Would you return the listing that follows exactly, leaving its pictures behind?

SOURCE DATA
──────────

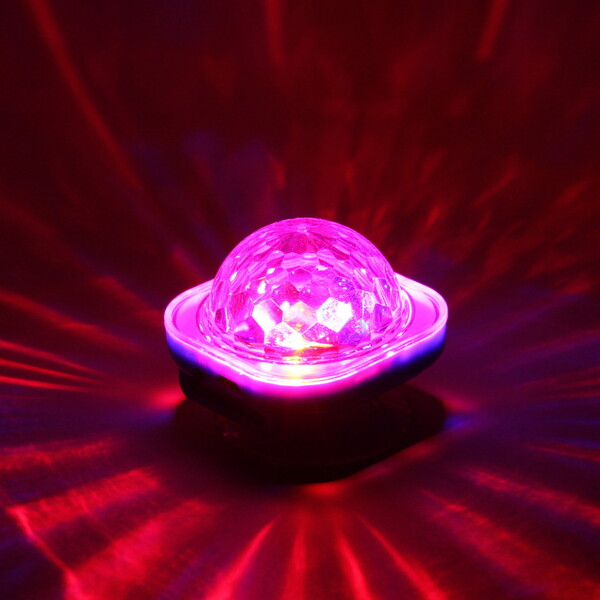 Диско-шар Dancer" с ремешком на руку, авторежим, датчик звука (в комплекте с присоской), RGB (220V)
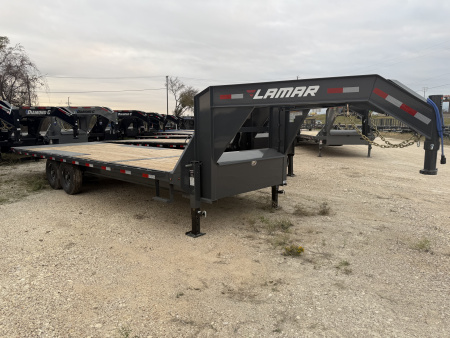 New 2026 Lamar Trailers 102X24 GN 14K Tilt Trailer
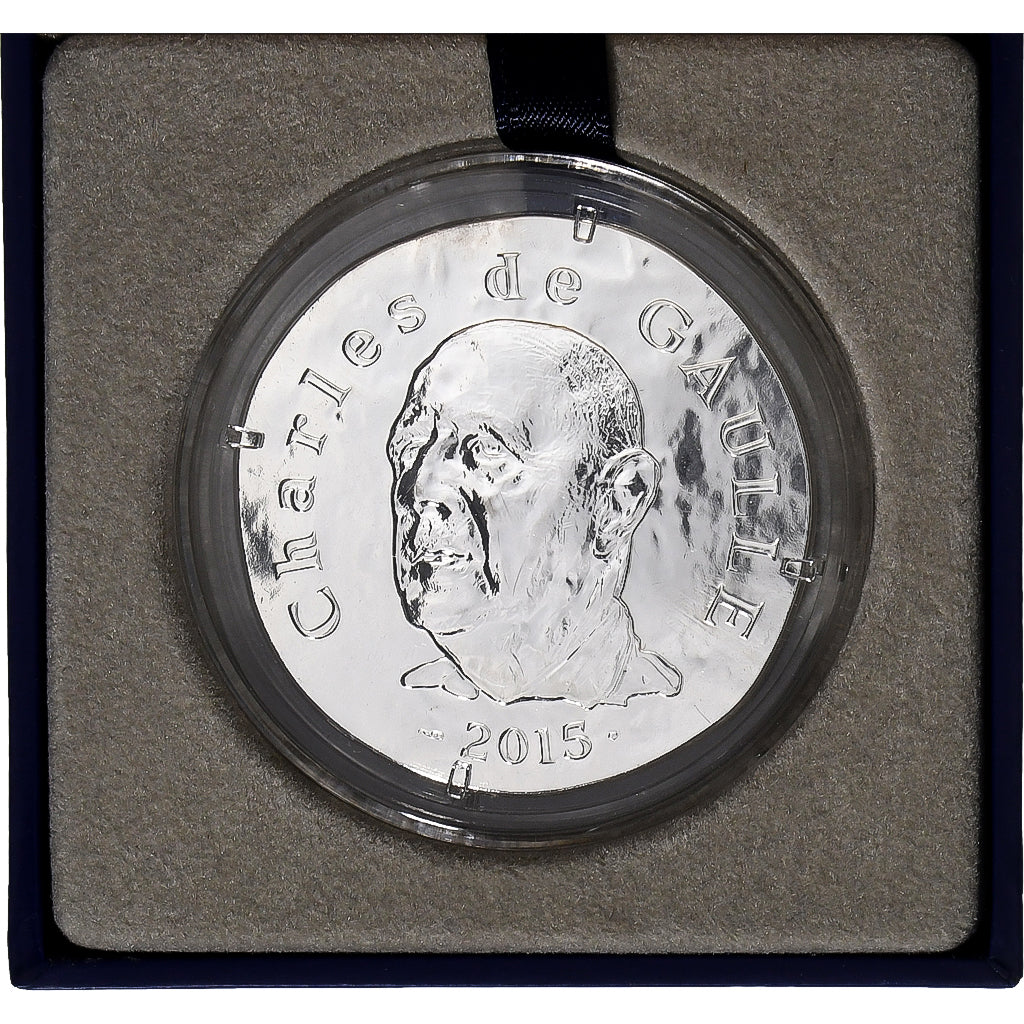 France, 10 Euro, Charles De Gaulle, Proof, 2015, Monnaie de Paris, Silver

──────────

RESPONSE TO THE TASK
 Диско-шар Dancer" с ремешком на руку, авторежим, датчик звука (в комплекте с присоской), RGB (220V)
 New 2026 Lamar Trailers 102X24 GN 14K Tilt Trailer
 France, 10 Euro, Charles De Gaulle, Proof, 2015, Monnaie de Paris, Silver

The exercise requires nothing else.